Shortly after the conference with François, on 25 August Hoffmann received two clear-language signals intercepts of Russian transmissions. The one from Rennenkampf’s HQ revealed not only the exact distance then separating the two Russian armies but also gave away the compass bearing on which 1st Army was advancing. The intercept from Samsonov’s HQ revealed how he believed erroneously that the German forces ahead of him were withdrawing northwards. In fact, by pursuing them, he was leading his army further into a trap. Ludendorff wondered whether the intercepted signals could have been a ruse because it seemed incredible that neither would be in code, but Hindenburg supported Hoffmann’s assessment that they were genuine.
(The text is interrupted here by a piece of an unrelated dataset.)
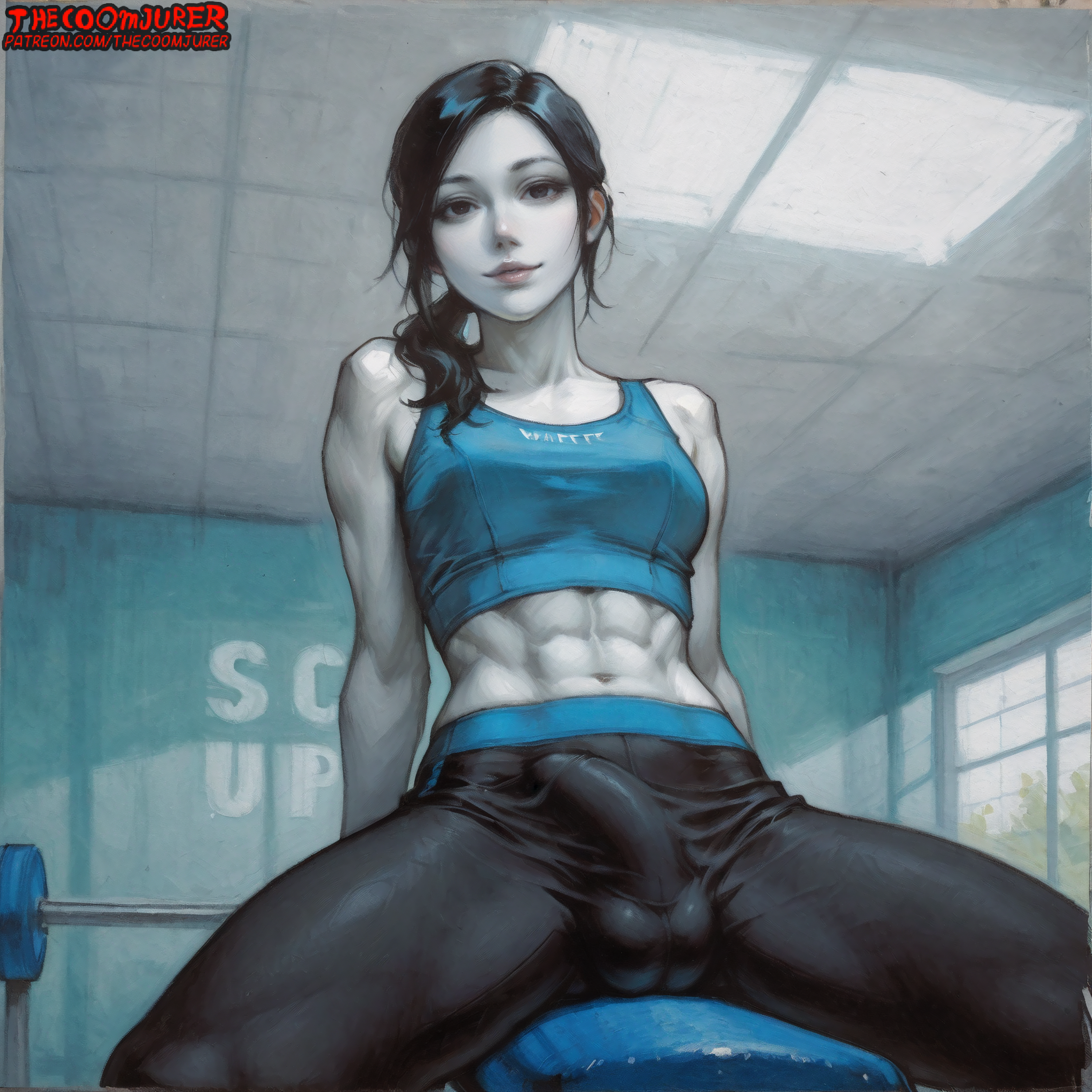 1futa, 1girls, abs, absurd res, absurdres, ai assisted, ai generated, black hair, bulge, bulge through clothing, dickgirl, erection, erection under clothes, female, futa sans pussy, futanari, hand on hip, high resolution, highres, intersex, light skin, light-skinned female, looking at viewer, low-angle view, muscular, muscular female, muscular futa, pale skin, pale-skinned female, pale-skinned futa, ponytail, sitting, solo futa, sports bra, sportswear, spread legs, sweat, sweatdrop, sweating, thecoomjurer, toned, toned body, toned female, toned futa, wii fit, wii fit trainer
Accordingly, German XX Corps was moved into position between Allenstein and Tannenberg.
There, German XVII Corps attacked Samsonov’s right flank near Seeburg and Bischofstein on 26 August. The battle is rather confusingly referred to in German war history as the Battle of Tannenberg although geographically at some distance from there. This was a later idea of Hoffmann’s, to expunge the memory of the humiliating defeat of the Teutonic Knights in that area by a Polish-Lithuanian army in 1410. German XX Corps was able to hold a line near Tannenberg, while the Russian 13th Corps drove unopposed on Allenstein. In twenty-four hours, German I Corps under François had neutralised Samsonov’s left flank. For whatever reason, he disregarded this and obstinately drove his five centre divisions onwards to their doom after German XVII Corps turned his right flank. The next day, General François used his artillery and now adequate stock of shells to break through Russian 1st Corps. Colonel Knox commented that one Russian regiment had nine out of sixteen company commanders killed; a company that began the action 190-strong lost all its officers, had 120 other ranks killed and most survivors wounded.8 But worse was to come. Russia still had vast reserves of men, permitting the replacement of a quarter-million men taken prisoner or killed at Tannenberg and the First Battle of the Masurian Lakes. What it did not have was an endless supply of rifles, from which to replace the quarter-million rifles lost with these men.
Hoffmann received another uncoded intercept, from Zhilinksii to Rennenkampf, which indicated clearly that Russian 1st Army had not been ordered to march to Samsonov’s support with all possible speed. On the strength of this, Ludendorff despatched von Below from Bischofsburg to strengthen the German centre, with Mackensen ordered south to close the ring around Russian 2nd Army.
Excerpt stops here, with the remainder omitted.